In order to contain this movement, the EU met on Thursday, June 30th to establish cryptocurrency trading rules.

The logic of trading cryptocurrencies

Globally, it is possible to acquire money in cryptocurrencies with little or no regulation. This means that it is not necessary for the buyer to identify himself and, in many cases, not even the origin of the money.

In the EU, in order to try to contain money laundering, regulations required the minimum proof of the origin of the wealth that made it possible to acquire the amount. 

However, realizing that there is still a movement of lack of control of this market, representatives of EU states met to establish the guidelines of the Crypto Assets Markets (MiCA) law.

The great driver for the establishment of the new rules was undoubtedly the recent sharp drop in the value of cryptocurrencies, which demonstrated the fragility of this market and the vulnerability of investors. Bitcoin, the strongest currency available, is down 70% from its peak in November.

The main cause of the system’s collapse was investor concern about rising interest rates, which proved to be a constant across the world. However, unlike other financial systems protected by the states, the losses were catastrophic due to the lack of well-defined limits in situations of falls.

New rules and contradiction

Faced with the negative results, representatives of EU states met with the intention of establishing control rules for the commercialization of cryptocurrencies. According to the commission, the idea is to prevent investors from being harmed by events beyond their control, such as issues that only concern state policies.

Thus, the rules aim above all to ensure a controlled movement of the values associated with each cryptocurrency.

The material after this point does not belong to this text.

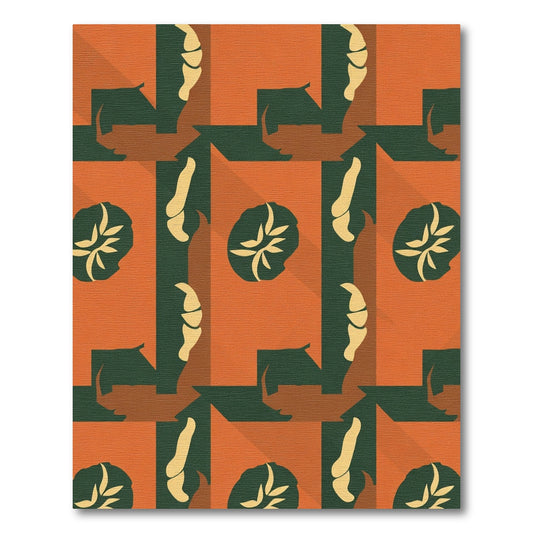Orange Green Abstract Shape Collage Rug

The measure generated mixed reactions from cryptocurrency operating companies. The negative view is supported by the assertion that, with control measures, it would be practically impossible to make a profit from cryptocurrencies.

Most companies, however, believe that this is a positive measure, capable of guaranteeing secure growth in a bloc of investors with a stable economy.

Regardless of the particular opinion, the measure is in itself controversial because cryptocurrencies were created to be outside the control of state policy. However, recent events prove that this is a two-way street.

This is because, like it or not, political events and government initiatives (or omissions) affect investors directly or indirectly. Often, they influence even if it’s just the mindset of buyers. One way or another, it has been proven that it is probably impossible to create a parallel world for trading in values.

Responsibility and industry fragmentation

Another big issue involving investing in cryptocurrencies concerns the responsibility that companies and even individual buyers and sellers have in relation to cryptocurrencies. Loss or blows are common when talking about buying and selling cryptocurrencies.

The new rules also aim to avoid these claims, creating a safe environment for investing in cryptocurrencies.

In this context, the fragmentation of the sector must also be fought. The “lawless” environment that is the cryptocurrency market allows the practice of varied prices and trades, many of them highly risky. Many traders offer no guarantees and are highly suspicious.

The rules aim to minimize the space that these unsafe agents have in the market. This should occur from the adaptation of companies to the new rules. Again, this is a controversial issue considering the “free market” essence of cryptocurrencies, but still viewed favorably by the community at large.